The National Archives have made their digital records available free of charge for as long as their Kew site is closed to visitors. Users need to register, but can then order and download up to ten items at a time, to a maximum of fifty items over thirty days.

To find out more click here.


There are many interesting oral history recordings in the Imperial War Museum’s sound archive. Typing ‘Oxfordshire’ into the search box [scroll down the page] produces over 400 results, and you can filter further by time period.

There are also lots of sound recordings on the British Library website. One of the earliest is of John Hickman, a soldier from Bletchingdon, who was held prisoner at Sennelager in Germany during the First World War. Whilst there he was recorded by German sound pioneer Wilhelm Doegen who spent over twenty years capturing voices, languages, music and songs from all over the world. You can hear Hickman’s wonderfully rich Oxfordshire accent, from over a hundred years ago, here.


The website Morris Oxford recently celebrated its first anniversary. It is not, as the name might suggest, a website about the Cowley car factory, but rather about the past and present of Oxford more generally, beautifully illustrated and engagingly written. It's a site to enjoy browsing if you know Oxford already, and a good one to recommend to those who don’t.

The latest article is an interesting and pertinent exploration of Microbes and Medicine in Oxford.


There are more historic images of Oxfordshire to enjoy, and to help with your research, on the Historic England website and on the Historic Environment Image Resource.

There are also a perhaps surprising number of Oxfordshire people on the National Portrait Gallery website.
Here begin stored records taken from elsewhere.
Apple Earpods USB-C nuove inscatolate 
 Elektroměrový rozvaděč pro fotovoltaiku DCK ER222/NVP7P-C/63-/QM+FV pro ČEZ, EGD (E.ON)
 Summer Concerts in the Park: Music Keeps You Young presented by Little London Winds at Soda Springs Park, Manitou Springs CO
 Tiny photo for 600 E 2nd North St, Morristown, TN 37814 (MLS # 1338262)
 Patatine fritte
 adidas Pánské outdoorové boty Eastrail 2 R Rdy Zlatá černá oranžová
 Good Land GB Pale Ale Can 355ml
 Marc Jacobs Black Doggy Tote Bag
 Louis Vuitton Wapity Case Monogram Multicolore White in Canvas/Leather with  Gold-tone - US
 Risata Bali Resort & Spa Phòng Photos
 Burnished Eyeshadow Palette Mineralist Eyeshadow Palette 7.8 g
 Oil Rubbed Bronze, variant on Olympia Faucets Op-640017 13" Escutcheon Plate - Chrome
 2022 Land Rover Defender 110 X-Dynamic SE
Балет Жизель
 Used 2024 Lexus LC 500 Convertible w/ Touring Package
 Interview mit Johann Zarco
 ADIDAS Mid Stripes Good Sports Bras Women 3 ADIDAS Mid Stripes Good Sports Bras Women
The photograph above, taken in the 1860s, is of Elizabeth Gilbert, who was born in Oxford in 1826 and became a prominent campaigner for blind people.


During lockdown the Victoria County History is offering the Kindle versions of its paperback Shorts (covering single parishes) for just £1.49 on Amazon UK. These don’t include Oxfordshire, which is focused on main-series volumes, but they do cover a wide range of towns and villages across the country, including Cheltenham and Yate in neighbouring Gloucestershire.